Send this to the men you know, to warn them about arguments they can 
avoid if they remember the terminology. 

Send this to all the women you know to give them a good laugh, cause they know that it's true.


----------



## kitchenelf (Aug 7, 2007)

.......................

Sounds about right to me!


----------



## buckytom (Aug 7, 2007)

again, there is the suspicious lack of the words "yes", and "right now"!


----------



## letscook (Aug 7, 2007)

How about these 2

I'll Think about it

Maybe


----------



## Barb L. (Aug 7, 2007)

That about sums it up !


----------



## phil_uk (Aug 7, 2007)

number 7 is very rare 

Thanks for sharing made my day.


----------



## Rom (Aug 7, 2007)

Kitchenelf...sounds right..cos it is right LOL

buckytom... yes...right now?

"*I'll think about it*" and "*maybe*" mean a striaght out *NO*...don't be dillusioned into thinking she may actually be thinking about, she just doesn't want to start an argument as she may be in a good mood or she is wondering if you were actually serious to begin with 

Phil_uk....ur right lol "thanks" for pointing that out LOL


----------



## ironchef (Aug 7, 2007)

Don't forget about a**hole or jerk. Those two words are probably used more than any of those on the list, and often times in conjunction with them.

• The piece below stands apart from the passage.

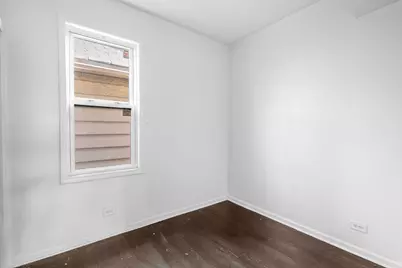 8942 S Baltimore Avenue, Chicago, IL 60617 - Photo 15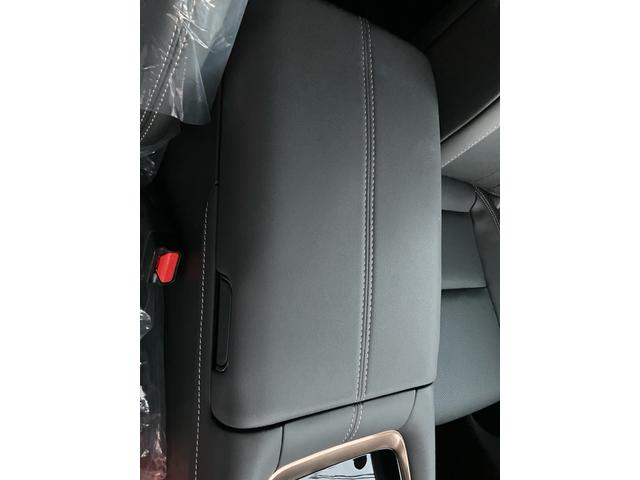 アルファードハイブリッド Ｚ　モデリスタエアロ　リアエンターシステム　パノラミックモニター　サンルーフ　ユニバーサルステップ　インナーミラー　シートメモリー　シートＡＣ　デジタルインナーミラー　ＥＴＣ２．０　ＨＤＭＩ（37枚目）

Man: Sorry I forgot to call. I got tied up in a meeting.

Woman: Whatever you a**hole.


----------



## Fisher's Mom (Aug 7, 2007)

ironchef said:
			
		

> Don't forget about a**hole or jerk. Those two words are probably used more than any of those on the list, and often times in conjunction with them.
> 
> Man: Sorry I forgot to call. I got tied up in a meeting.
> 
> Woman: Whatever you a**hole.


Ironchef, I didn't realize you are married!


----------



## ironchef (Aug 7, 2007)

Fisher's Mom said:
			
		

> Ironchef, I didn't realize you are married!


 
Actually, I'm not.


----------



## Rom (Aug 7, 2007)

but they have a very clear and specific meaning lol no translation needed hehehehehe


----------



## middie (Aug 8, 2007)

phil_uk said:
			
		

> number 7 is very rare
> 
> Thanks for sharing made my day.


 
Hey I say Thanks quite often.


----------



## Fisher's Mom (Aug 8, 2007)

ironchef said:
			
		

> Actually, I'm not.


Well, it appears some generous woman has prepared you well for wedded bliss!


----------



## keltin (Aug 8, 2007)

What the........???????
 
Humph......I don’t know about the rest of you guys, but I wear the pants in my house.........when my wife let’s me............


----------



## Fisher's Mom (Aug 8, 2007)

keltin said:
			
		

> What the........???????
> 
> Humph......I don’t know about the rest of you guys, but I wear the pants in my house.........when my wife let’s me............


It's okay keltin. I know a guy who also likes to wear his wife's clothes.


----------



## Andy M. (Aug 8, 2007)

Eventually, some more evolved men learn not to get into arguements with women at all.  Rather, they answer with, "Yes, Dear!", the two words that end all discussions.  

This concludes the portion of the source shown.